Annual Dante Lecture

Annual Dante Lecture

Event time: 
Thursday, November 29, 2018 - 6:00pm
Location: 
Romance Language Lounge See map
82-90 Wall Street
New Haven, CT 06520
Event description: 

Alison Cornish
Professor of Italian
New York University

Sonus qui non est vox: Sound and voice in Dante

The soundscape of the Divine Comedy is both vocal and nonvocal.  This paper explores how Dante exploits what for his culture was a nontrivial distinction.
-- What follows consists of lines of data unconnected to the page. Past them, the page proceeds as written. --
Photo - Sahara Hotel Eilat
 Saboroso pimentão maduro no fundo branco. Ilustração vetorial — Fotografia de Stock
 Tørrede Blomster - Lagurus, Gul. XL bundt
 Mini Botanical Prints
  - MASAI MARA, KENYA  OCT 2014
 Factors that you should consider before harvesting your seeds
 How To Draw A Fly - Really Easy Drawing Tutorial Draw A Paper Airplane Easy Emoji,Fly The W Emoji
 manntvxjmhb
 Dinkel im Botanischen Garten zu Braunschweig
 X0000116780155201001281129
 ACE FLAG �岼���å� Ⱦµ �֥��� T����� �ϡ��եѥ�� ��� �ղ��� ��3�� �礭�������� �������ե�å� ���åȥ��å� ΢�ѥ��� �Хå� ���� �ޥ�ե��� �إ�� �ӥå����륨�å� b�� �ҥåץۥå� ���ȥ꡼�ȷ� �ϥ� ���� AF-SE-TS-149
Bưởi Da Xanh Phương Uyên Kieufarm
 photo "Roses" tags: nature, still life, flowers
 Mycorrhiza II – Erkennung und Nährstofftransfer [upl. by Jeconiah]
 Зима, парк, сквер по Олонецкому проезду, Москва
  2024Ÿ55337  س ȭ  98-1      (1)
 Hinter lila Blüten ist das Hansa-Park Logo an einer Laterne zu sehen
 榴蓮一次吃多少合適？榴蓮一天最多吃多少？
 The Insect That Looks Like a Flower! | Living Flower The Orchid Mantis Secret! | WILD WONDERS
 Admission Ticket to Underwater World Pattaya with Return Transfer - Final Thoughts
Professor Cornish’s research interests are primarily in the fields of Medieval and Renaissance Italian Literature.  She is the author of Reading Dante’s Stars (Yale, 2000), Vernacular Translation in Dante’s Italy: Illiterate Literature (Cambridge, 2011) and, most recently, Introduction, Headnotes, and Notes on Dante’s Paradiso, translated by Stanley Lombardo (Hackett, 2017).  She has published articles on Dante, Boccaccio, Petrarch, earlier Italian lyric, and Elsa Morante.  Recent articles include:  “Music, Justice and Violence in Paradiso 20” (Dante Studies 134 [2016]), “Words and Blood:  Suicide and the Sound of the Soul (Inferno 13)” (Speculum 91 [2016]), “Incarnation in Venice” (The Decameron: Fourth Day in Perspective, forthcoming).  The main themes of her research have been literature and science, vernacular translation, and currently the category of sound as material medium of music, language, and poetry.  She is currently Bibliographer for the Dante Society of America.